[Python-Dev] PEP 359: The "make" Statement

Steven Bethard steven.bethard at gmail.com
Tue Apr 18 03:24:57 CEST 2006


On 4/17/06, Ian Bicking <ianb at colorstudy.com> wrote:
> Steven Bethard wrote:
> > This PEP proposes a generalization of the class-declaration syntax,
> > the ``make`` statement.  The proposed syntax and semantics parallel
> > the syntax for class definition, and so::
> >
> >    make <callable> <name> <tuple>:
> >        <block>
>
> I can't really see any use case for <tuple>.

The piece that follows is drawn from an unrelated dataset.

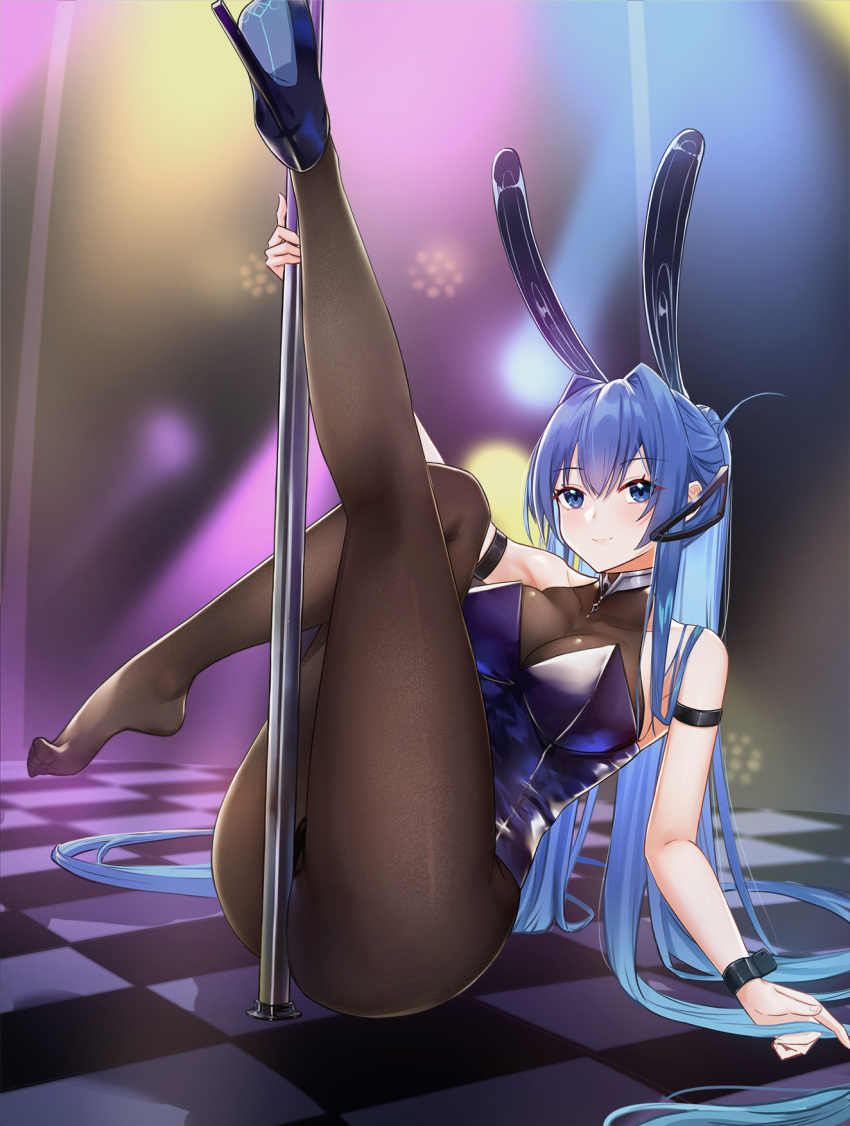 1girl anchor_ornament animal_ears azur_lane black_legwear black_leotard bodystocking breasts checkered checkered_floor covered_collarbone eyebrows_visible_through_hair fake_animal_ears footwear_removed hair_between_eyes headgear highres large_breasts legs_up leotard lim_(ramu) looking_at_viewer new_jersey_(azur_lane) new_jersey_(exhilarating_steps!)_(azur_lane) official_alternate_costume pantyhose playboy_bunny pole pole_dancing rabbit_ears sitting sol stage stage_lights stripper_pole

FWIW, I've been thinking of the tuple as the "*args" and the block as
the "**kwargs".  But certainly any function can be written to take all
keyword arguments.

> In particular, you could always choose to implement this:
>
>    make Foo someobj(stuff): ...
>
> like:
>
>    make Foo(stuff) someobj: ...
[snip]
> and so moving to this might feel a bit better:
>
>    make someobj Foo(stuff): ...

Just to clarify, you mean translating:

  make <name> <callable>:
      <block>

into the assignment::

  <name> = <callable>("<name>", <namespace>)

?  Looks okay to me.  I'm only hesitant because on c.l.py I got a
pretty strong push for maintaining compatiblity with the class
statement.

> With that in mind, I think __call__ might be the wrong method to call on
> the builder.  For instance, if you were actually going to implement
> prototypes on this, you wouldn't want to steal all uses of __call__ just
> for the cloning machinery.  So __make__ would be nicer.  Personally this
> would also let people using older constructs (like a plain
> __call__(**kw)) to keep that in addition to supporting this new construct.

Yeah, I guess the real question here is, do we expect that types will
want to support both normal creation and creation using the make
statement?  If the answer is yes, then we definitely need to introduce
a __make__ slot.

Steve
--
Grammar am for people who can't think for myself.